"Kalau sudah masuk fase bangkrut, baru LPS masuk, ini masih jauh dan harus dinyatakan oleh OJK," katanya dalam forum diskusi terkait bisnis syariah di Jakarta, Kamis.
Rektor Unika Atma Jaya itu menambahkan jika mengarah bangkrut, pemerintah tidak akan memberikan dana talangan tapi diupayakan sendiri oleh pemilik.
Baca juga: Pengamat dorong perbaikan kualitas aset Bank Muamalat
Senada dengan Prasetyantoko, Pengamat Ekonomi dari Core Indonesia Piter Abdullah juga menyebutkan bahwa rasio kecukupan modal atau (CAR) juga masih positif, begitu juga operasional bank masih berjalan.
"Coba bandingkan dengan masa krisis atau masa Bank Century, kan beda sekali atau bahkan dengan krisis 1997-1998, CAR waktu itu sudah negatif, kalau ini (Bank Muamalat) CAR masih positif," katanya.
Persoalan utama, kata dia, terjadinya pembiayaan macet atau non performing financing (NPF) yang tinggi di Bank Muamalat yang disebabkan karena manajemen risiko kurang optimal.
Untuk itu, bank syariah itu membutuhkan tambahan dana untuk mengatasi NPF tersebut.
Baca juga: DPR minta OJK progresif selamatkan Bank Muamalat
Terkait dengan itu, Prasetyantoko mengatakan idealnya upaya penyelamatan Bank Muamalat dilakukan oleh investor asing karena investor dalam negeri memiliki keterbatasan likuiditas.
"Bank BUMN juga punya problema mirip karena siklus ekonominya sama, sehingga tidak punya keleluasaan mereka melakukan aksi korporasi.
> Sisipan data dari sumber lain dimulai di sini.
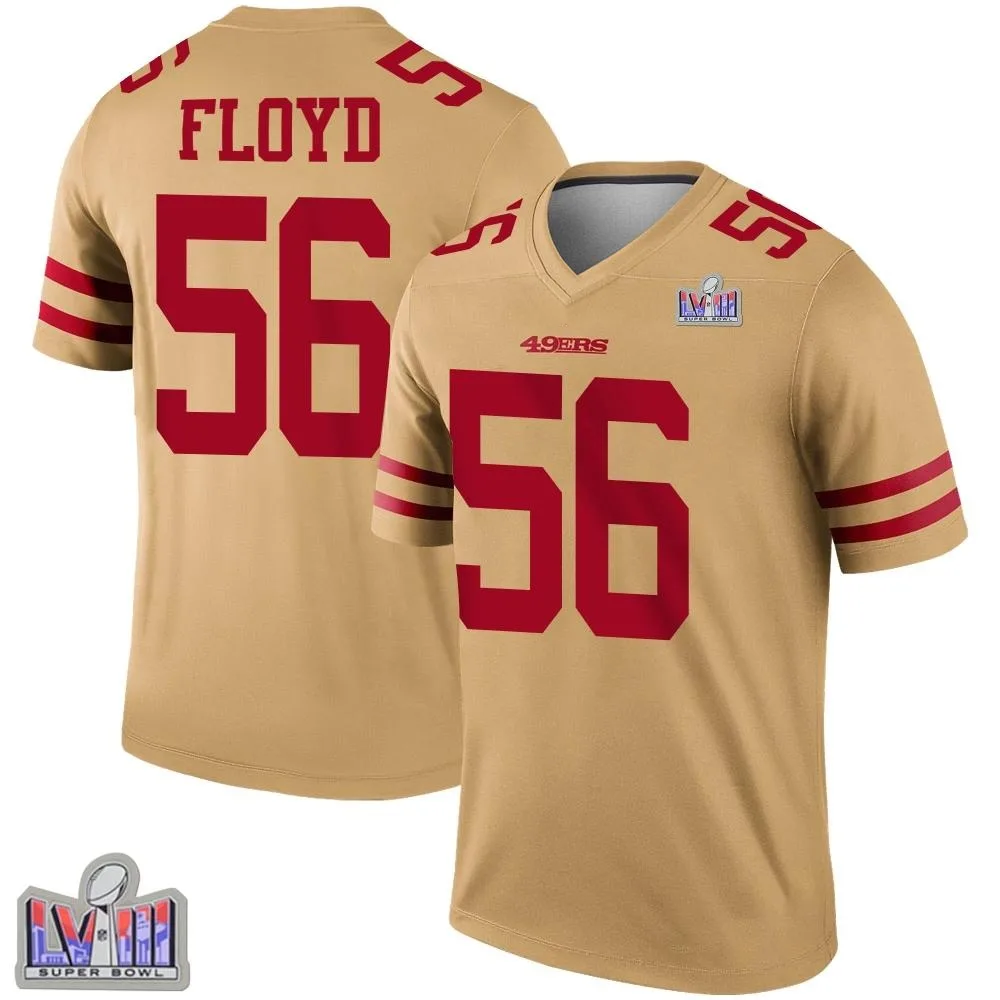 Youth San Francisco 49ers Leonard Floyd Nike Inverted Super Bowl LVIII Patch Legend Gold Jersey Youth San Francisco 49ers Leonard Floyd Nike Inverted Super Bowl LVIII Patch Legend Gold Jersey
Secara industri dan makro, ini kesempatan menarik investasi masuk ke pasar domestik," imbuhnya.
Sebelumnya, Bank Muamalat berencana mengeluarkan right issue yang akan diserap oleh investor Al Falah komsorsium yang dibentuk salah satunya oleh Ilham Habibie yang juga Komisaris Utama Bank Muamalat, senilai sekitar Rp2 triliun.
Rencananya, Komisi XI DPR akan mengadakan pertemuan kembali dengan OJK untuk membahas penyelamatan Bank Muamalat termasuk membahas profil investor.